Your task: The reply should repeat all of the data word for word, with no pictures.

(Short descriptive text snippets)
◇ ◇ ◇ ◇ ◇

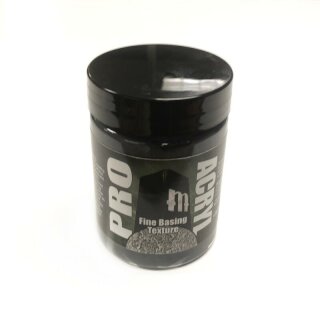 Pro Acryl Basing Texture – COARSE – Dark Grey (120ml)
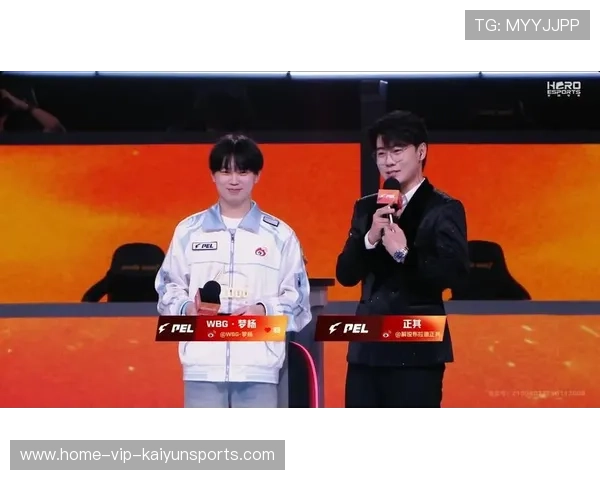 职业联赛的解说风格匹配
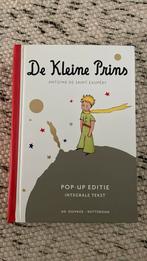 Antoine de Saint-Exupéry - De kleine prins POP UP EDITIE, Boeken, Ophalen of Verzenden, Zo goed als nieuw, Nederland, Antoine de Saint-Exupéry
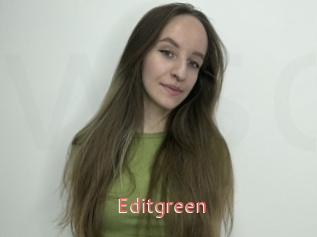 Editgreen
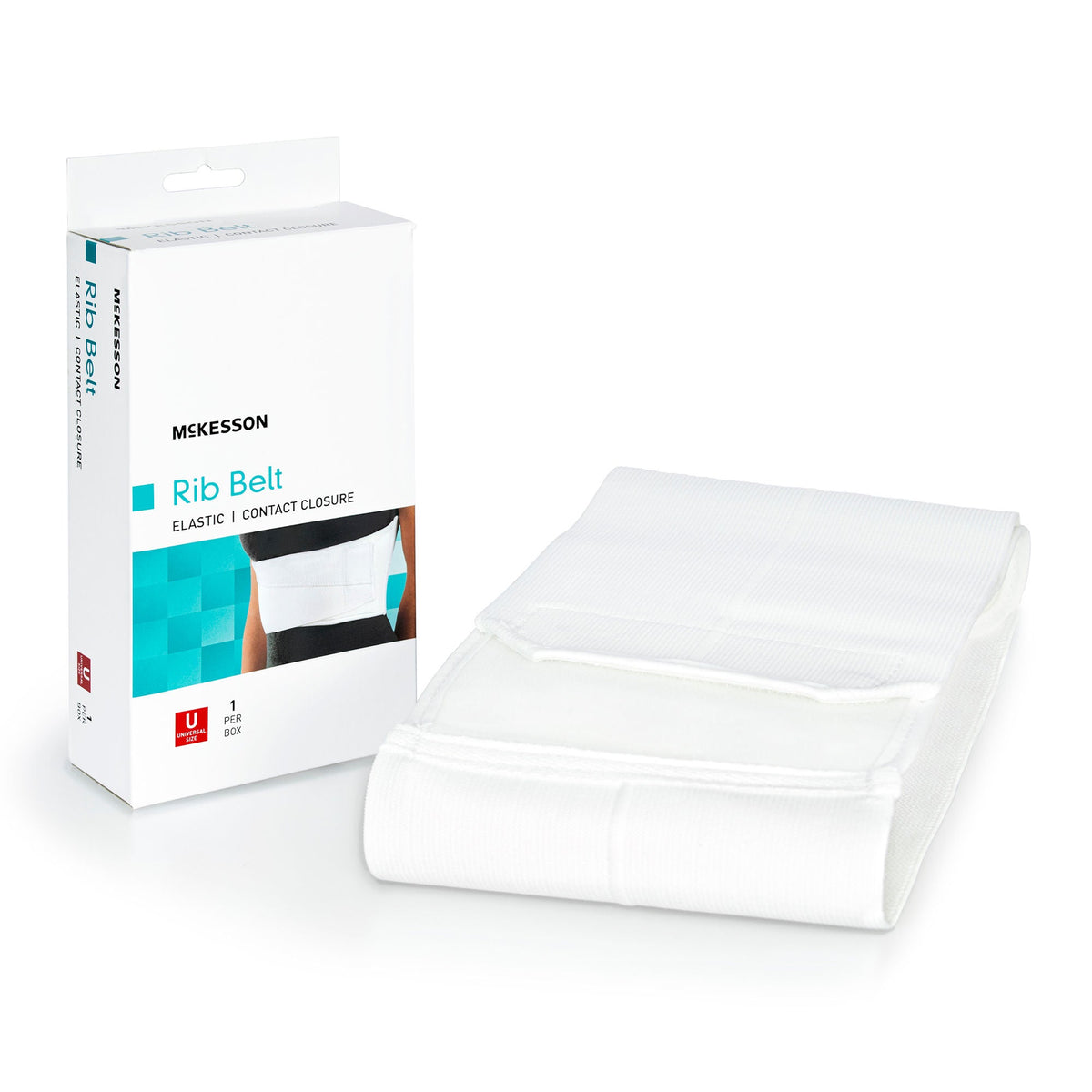 McKesson Rib Belt, One Size Fits Most, EA/1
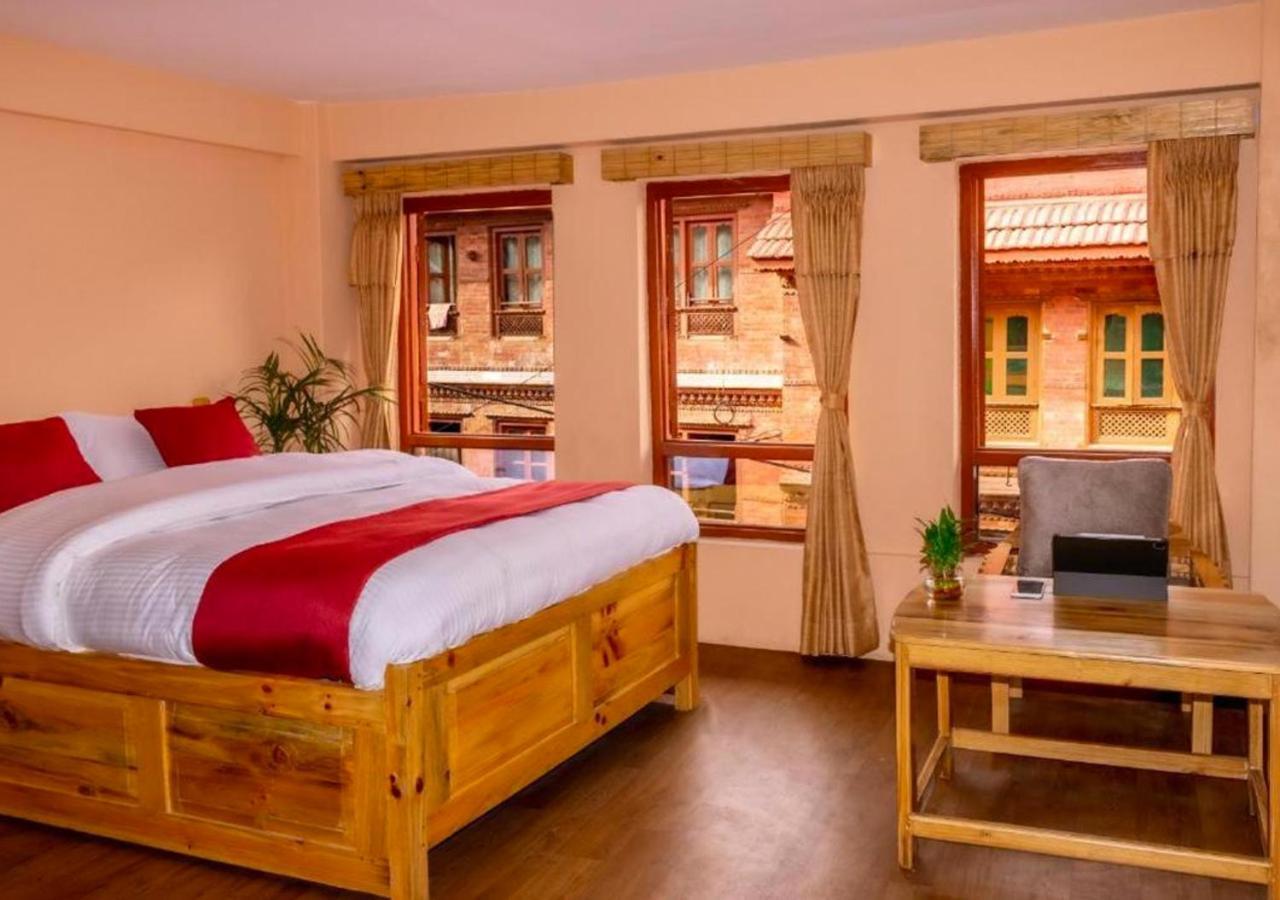 Eagle Nest Hotel Bhatgoan Kültér fotó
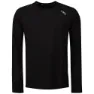 Black / silver reflective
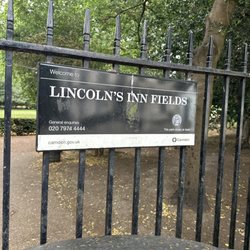 Lincoln's Inn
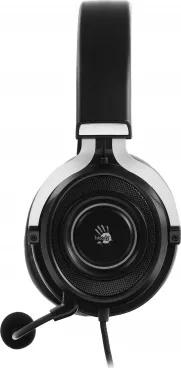 Bloody G535, Black/Silver – фото 12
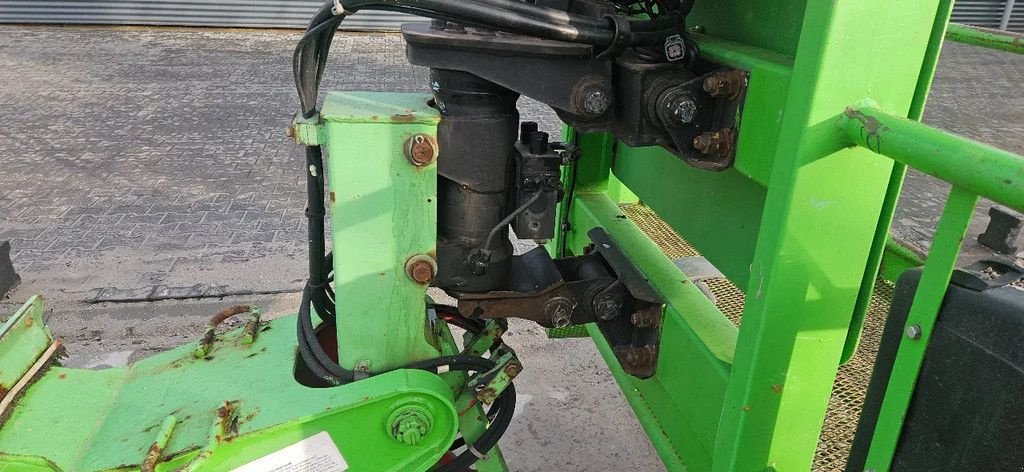 Teleskoparbeitsbühne typu Sonstige Aichi SR 18 a, Gebrauchtmaschine v Scharsterbrug (Obrázok 7)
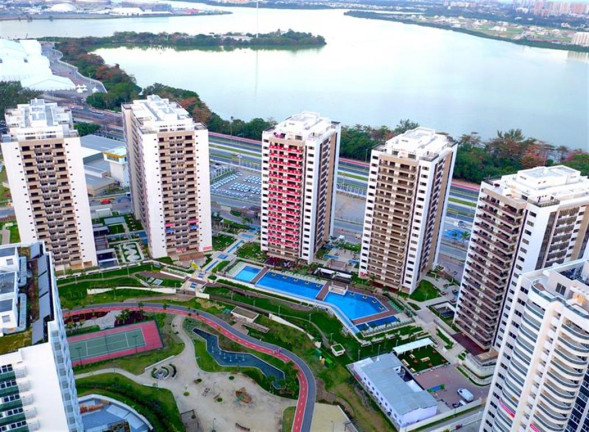 Imagem Apartamento com 2 Quartos à Venda, 77 m² em Jacarepaguá - Rio de Janeiro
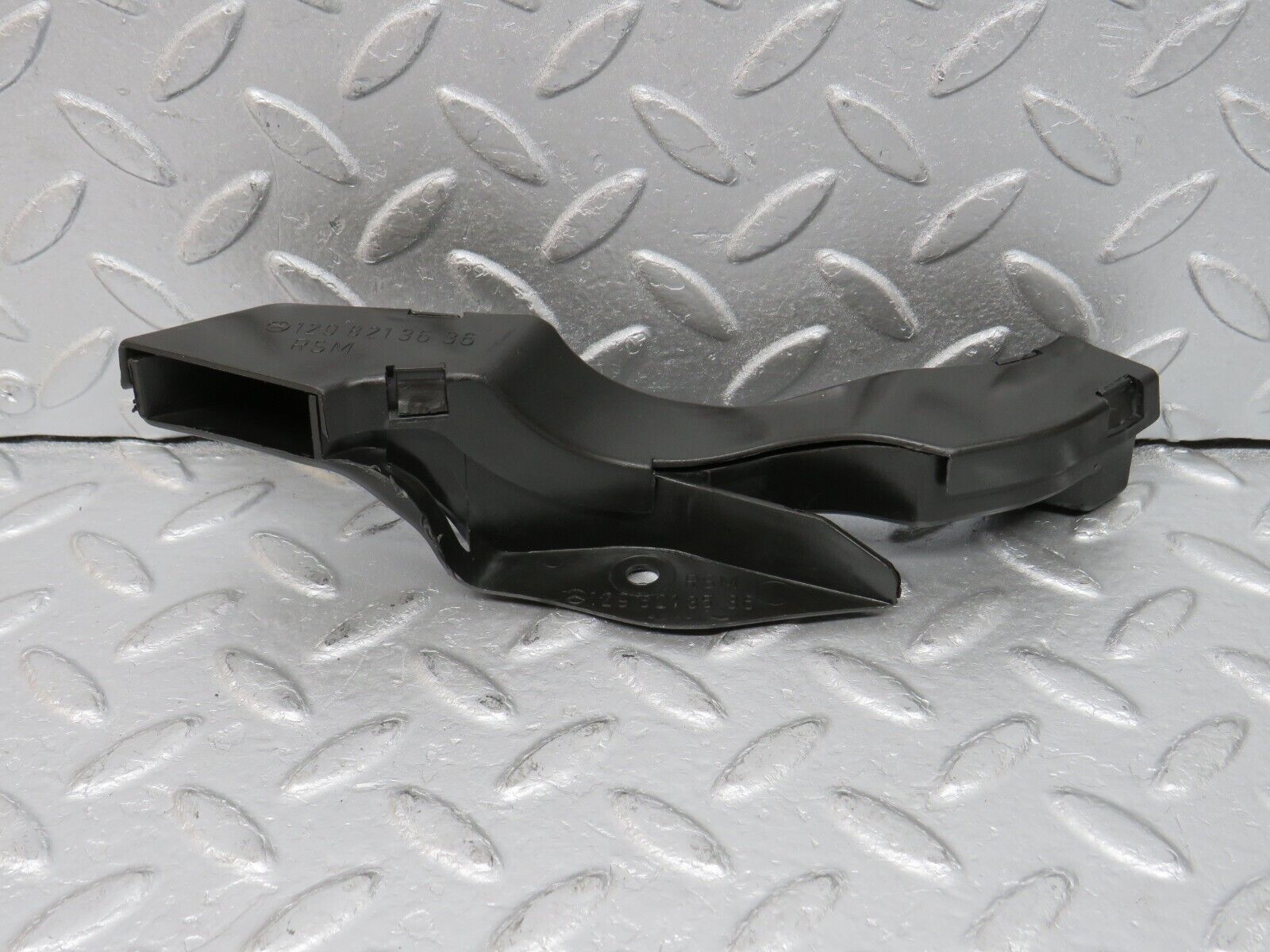 38273 Mercedes-Benz R129 280SL Coupe Boot Cable Channel 1298213536 1298213636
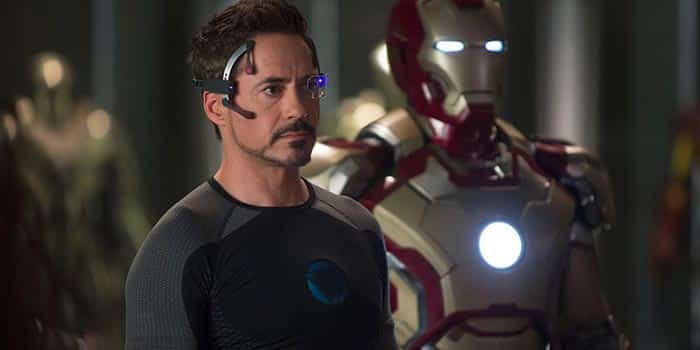 iron man en vengadores 4 (2019)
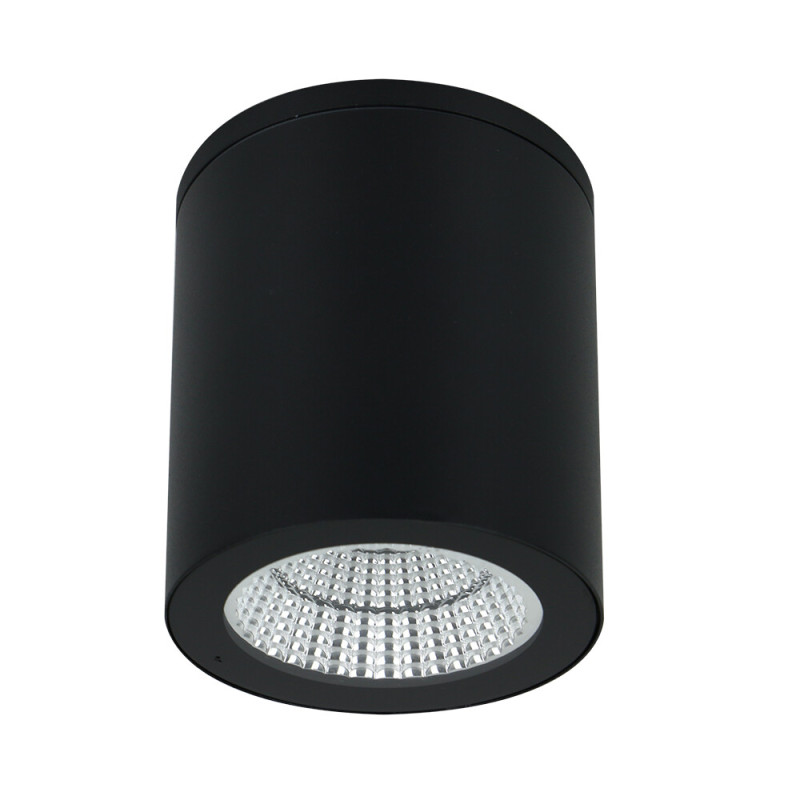Накладной уличный светильник ARTE Lamp A1313PF-1BK 4790₽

◇ ◇ ◇ ◇ ◇

The completed task:
 Pro Acryl Basing Texture – COARSE – Dark Grey (120ml)
 职业联赛的解说风格匹配
 Antoine de Saint-Exupéry - De kleine prins POP UP EDITIE, Boeken, Ophalen of Verzenden, Zo goed als nieuw, Nederland, Antoine de Saint-Exupéry
 Editgreen
 McKesson Rib Belt, One Size Fits Most, EA/1
 Eagle Nest Hotel Bhatgoan Kültér fotó
 Black / silver reflective
 Lincoln's Inn
 Bloody G535, Black/Silver – фото 12
 Teleskoparbeitsbühne typu Sonstige Aichi SR 18 a, Gebrauchtmaschine v Scharsterbrug (Obrázok 7)
 Imagem Apartamento com 2 Quartos à Venda, 77 m² em Jacarepaguá - Rio de Janeiro
 38273 Mercedes-Benz R129 280SL Coupe Boot Cable Channel 1298213536 1298213636
 iron man en vengadores 4 (2019)
Накладной уличный светильник ARTE Lamp A1313PF-1BK 4790₽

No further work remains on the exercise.